Prologue

19 2 2
                                    


The men, women, and children of block 1618 huddled as close together as their chains allowed. The sun, which sat unperturbed in the sky, penetrated down on them in a million shards of light - piercing into every inch of uncovered skin. The ground smouldered, sending up disorientating waves of heat to sun-scorched bodies - a giant fire-serpent coiling around sagging limbs. It encompassed them, drowned them. For some of the group it had been mere days since they were last in daylight - a somehow welcoming change from the cold cell they were previously imprisoned in. For others, the damp cell had been their home for many months - this daylight blinded them.

From the back of the group, Calix felt a sharp headache coming on. His bones ached, protesting against the hours spent standing around, yet he refused to give into the urge to fall. He did not have that right. Having been one of the latest occupants of the block, he was determined to remain a pilar of strength to those who desperately clung onto living. He remembered his dad's words, to stand tall is to stand strong. He had set his mind from the very beginning to follow this mantra. He could not, would not, give his captors the satisfaction of weakness. Too many metal chains were weighed by those who had long since given up.

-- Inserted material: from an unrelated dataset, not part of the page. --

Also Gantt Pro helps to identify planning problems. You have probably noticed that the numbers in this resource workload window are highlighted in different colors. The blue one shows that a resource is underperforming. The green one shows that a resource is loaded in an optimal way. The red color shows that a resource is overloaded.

It had been before dawn when the guards had forced the prisoners out of their block earlier that day. Calix had awoken from a fitful sleep to pointed lights flashing over him as guards slammed their way into the much-crowded cells. He looked on as bodies were dragged from beds and onto sodden floors, watched as the disorientation created chaos. Limbs moved in all directions. Calix tried to help as many prisoners as possible get to their feet, hobbling himself with a leg that had been broken a few days previous. High pitched sobs echoed into the strobing lights as too many people were swept into the same direction, away from loved ones and into the erratic crowds.

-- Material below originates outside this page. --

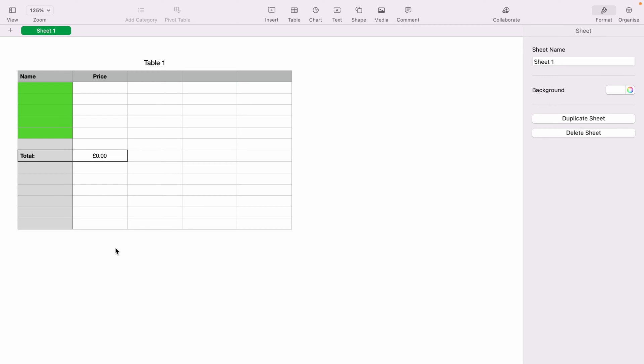In today's Apple Numbers spreadsheet demonstration, I'm going to show you how to add stock quotes. Here we have a very basic spreadsheet. You can get much more creative than this. However, we'll keep it simple for this demonstration.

From the far corner of Calix's sight three men were gunned down. An onslaught of screams ricocheting into silence, as all who remained inside watched the bodies fall. A sea of red cascaded from the back of their heads and onto the floor like a growing shadow. Calix felt his own blood drain from his face as sour bile rose to his lips, threatening to spill over. Urgent hands pushed him out of the room with shaky force. He waited breathlessly for more shots to fire. They did not. Stumbling slightly on the weight of his good leg, he followed the crowd as they propelled over the threshold, his mind ringing, body shaking and jaw clenched.

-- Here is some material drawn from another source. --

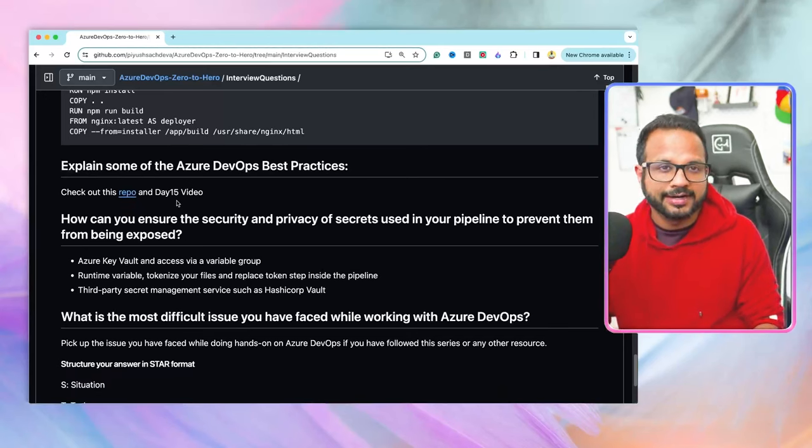There are three options for managing secrets. First is Azure Key Vault: you create a Key Vault, grant your service principal access to get secrets, and access them through a service connection and pipeline variables. Second is runtime variables: you tokenize your file and replace tokens with a step inside the pipeline. Third is a third-party secret management service such as HashiCorp Vault. Out of these three, Azure Key Vault is the most common and most secure when interacting with Azure DevOps.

In the open air, a truck sat idling twenty metres away from the doors of the block. Guards beckoned threateningly for the prisoners to climb into the small trailer attached. Heat from the exhaust filtered over the group as they approached, the smell of harsh chemicals burning the prisoner's noses. For Calix, this burning chemical had been a constant companion in the city, it was like a slowly administrating poison, as though every breath he took was suffocating him. It was moments like this that this heart ached to be home. Home where the air was clean and where the people were free.


The truck his reached it ordinary capacity as one third of the prisoners had climbed into the trailer. Calix had half expected the guards to have divided the prisoners into smaller group. Those thoughts died as person after person was sardined into the metal box wedging themselves against bodies, clinging to any free space available. There was no free space. When the doors had closed behind the final prisoners, not a single person was able to move more than a centimetre in any direction. No one could let out so much as a breath without encroaching into another's space.


Inside the trailer, the smell of sweat and urine quickly permeated over the crowd. Though most had become accustomed to the smell from their block, with forty people sharing two buckets changed only once every few days, this compactness created new issues to handling the distinctive odour. As the truck set on its course, bumpy roads with multiple turns, the smell and wretches of vomit soon joined the pungency of the other bodily fluid. The smell was deadly, acidic.